More than one thing can be true at once though. We were terrible, and i've said as much in lots of different threads, but for me the Keane red card is an absolute joke. It wouldn't matter if we'd won 9-0 or lost 9-0, it would still be a joke. You can look back at all my other posts in this thread to see that I am definitely not someone who cryarses about every refereeing decision, far from it, but to me that just isn't a red card offence and saying it's a 'stick on' is laughable. The Grealish one I have no sympathy for, we all know you're asking for trouble doing that, but honestly if what Keane did is classed as violent conduct then things have got badly out of hand. People get seriously hurt by deliberate actions with no sending off, I'm not sure that Tolu even knew Keane had done it.
I agree 99.9%, the only suspicion I have in
Grealish's case is the 1st yellow card. Was he spoken to by the ref, did the ref try to calm him down by explaining his decision, did the ref warn him and then issue the yellow. For me dissent is a two way thing. Emotions can boil over on the field of play and the ref should be generally understanding of this. Watch how Rugby refs deal with dissent, there is never a straight to the pocket situation. They are humble enough to say 'If I got it wrong, I apologise'. The ref understands the emotions and the players understand and respect the refs job.

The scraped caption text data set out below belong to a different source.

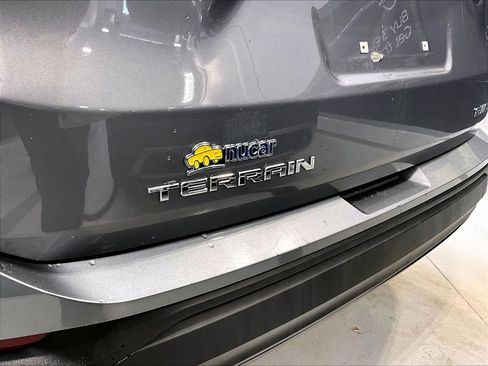 Used 2018 GMC Terrain SLE w/ Driver Convenience Package image 25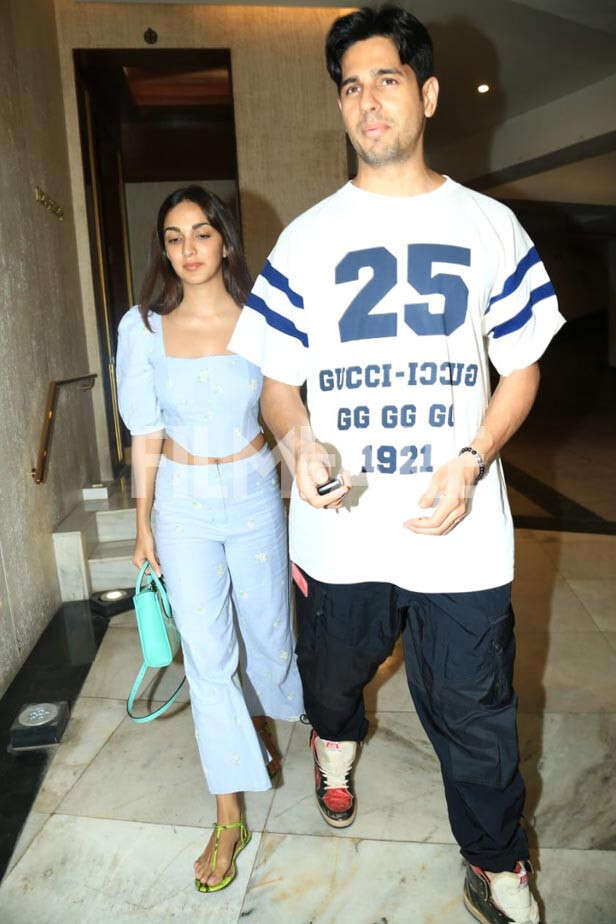 Kiara Advani and Sidharth Malhotra stepped out in style. See pics ...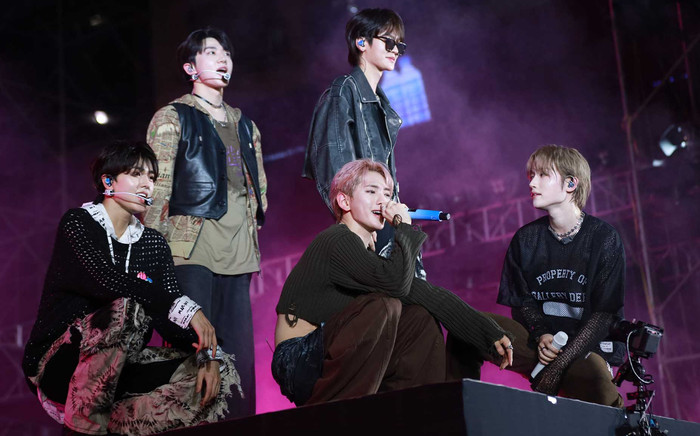 TEMPEST mang nón lá lên sân khấu, hứa hẹn một điều với khán giả Việt Ảnh 2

Of course, if the ref did take him aside (it must not have been a long conversation if he did) then fair enough, but watching football these days I doubt any ref has that kind of game management skill.
I don’t like the rule, it’s ridiculous but if the referee doesn’t give a red for that he’s incompetent and would be dropped by his bosses. The guidance on it and how refs have to apply that situation is clear. Diddy ex pros who don’t know the rules and angry fans, that’s it. There’s not a single referee that would think that’s even remotely the wrong decision.
Hearing Moyes bleating about it after the game is pathetic.
The rule that he was sent off for was violent conduct. You honestly think that is violent conduct. An inch to the right and left he was grabbing shirt, is that violent conduct. My point being is that Keane was not looking at the players hair and purposefully grabbing it. The ref was lacking common sense and a backbone. VAR sends him over, the player may as well walk off the pitch before the ref has even watched it.
Osman described it perfectly. Hair pulling has to be malicious, it has to be purposeful. That was never in a million years, purposeful or malicious. It was a guy jumping and putting his hand on somebodies back who happened to have long hair that he instinctively held on to as they were both coming back down to the ground.
The game has seriously gone if anybody thinks that is violent conduct.